Problem to work on. Beginning with the line that contains "Poster: Hard to Die" in the material below, print each line exactly until the line that contains "Emblem G35D in G/S/B 25mm und 50mm Lieferbar" has been printed, then stop.

•••••

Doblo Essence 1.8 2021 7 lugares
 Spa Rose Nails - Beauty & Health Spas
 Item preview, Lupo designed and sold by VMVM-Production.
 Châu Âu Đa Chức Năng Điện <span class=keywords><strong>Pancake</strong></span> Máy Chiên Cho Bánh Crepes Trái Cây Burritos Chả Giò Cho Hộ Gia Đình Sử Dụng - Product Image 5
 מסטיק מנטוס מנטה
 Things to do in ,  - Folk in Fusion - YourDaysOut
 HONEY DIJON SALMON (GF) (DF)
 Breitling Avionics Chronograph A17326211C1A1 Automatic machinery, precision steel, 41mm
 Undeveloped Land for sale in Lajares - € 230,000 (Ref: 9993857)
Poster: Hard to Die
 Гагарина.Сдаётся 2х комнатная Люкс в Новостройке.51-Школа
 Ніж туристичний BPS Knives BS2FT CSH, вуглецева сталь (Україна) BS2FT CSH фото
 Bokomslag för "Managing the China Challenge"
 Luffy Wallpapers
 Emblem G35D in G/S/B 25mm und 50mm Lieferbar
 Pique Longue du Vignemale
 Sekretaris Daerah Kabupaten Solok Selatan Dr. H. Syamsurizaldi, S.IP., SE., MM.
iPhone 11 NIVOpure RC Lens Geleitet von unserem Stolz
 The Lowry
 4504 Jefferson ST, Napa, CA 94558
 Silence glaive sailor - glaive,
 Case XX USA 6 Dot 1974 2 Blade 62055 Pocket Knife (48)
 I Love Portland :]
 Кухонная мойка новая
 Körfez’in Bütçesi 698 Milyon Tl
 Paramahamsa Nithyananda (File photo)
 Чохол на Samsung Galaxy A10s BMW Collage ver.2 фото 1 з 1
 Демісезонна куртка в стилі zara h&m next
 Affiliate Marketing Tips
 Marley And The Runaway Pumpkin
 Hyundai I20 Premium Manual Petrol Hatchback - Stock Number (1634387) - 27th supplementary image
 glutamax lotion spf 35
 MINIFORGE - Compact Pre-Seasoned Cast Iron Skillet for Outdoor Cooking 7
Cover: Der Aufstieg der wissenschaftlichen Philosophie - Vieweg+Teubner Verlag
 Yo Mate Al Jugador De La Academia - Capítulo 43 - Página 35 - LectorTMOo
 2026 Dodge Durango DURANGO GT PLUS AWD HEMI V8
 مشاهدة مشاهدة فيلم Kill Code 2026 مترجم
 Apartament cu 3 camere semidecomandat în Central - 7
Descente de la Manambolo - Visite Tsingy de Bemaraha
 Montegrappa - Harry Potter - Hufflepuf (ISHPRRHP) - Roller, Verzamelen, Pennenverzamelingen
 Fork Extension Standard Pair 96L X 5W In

•••••

Output for this exercise.
Poster: Hard to Die
 Гагарина.Сдаётся 2х комнатная Люкс в Новостройке.51-Школа
 Ніж туристичний BPS Knives BS2FT CSH, вуглецева сталь (Україна) BS2FT CSH фото
 Bokomslag för "Managing the China Challenge"
 Luffy Wallpapers
 Emblem G35D in G/S/B 25mm und 50mm Lieferbar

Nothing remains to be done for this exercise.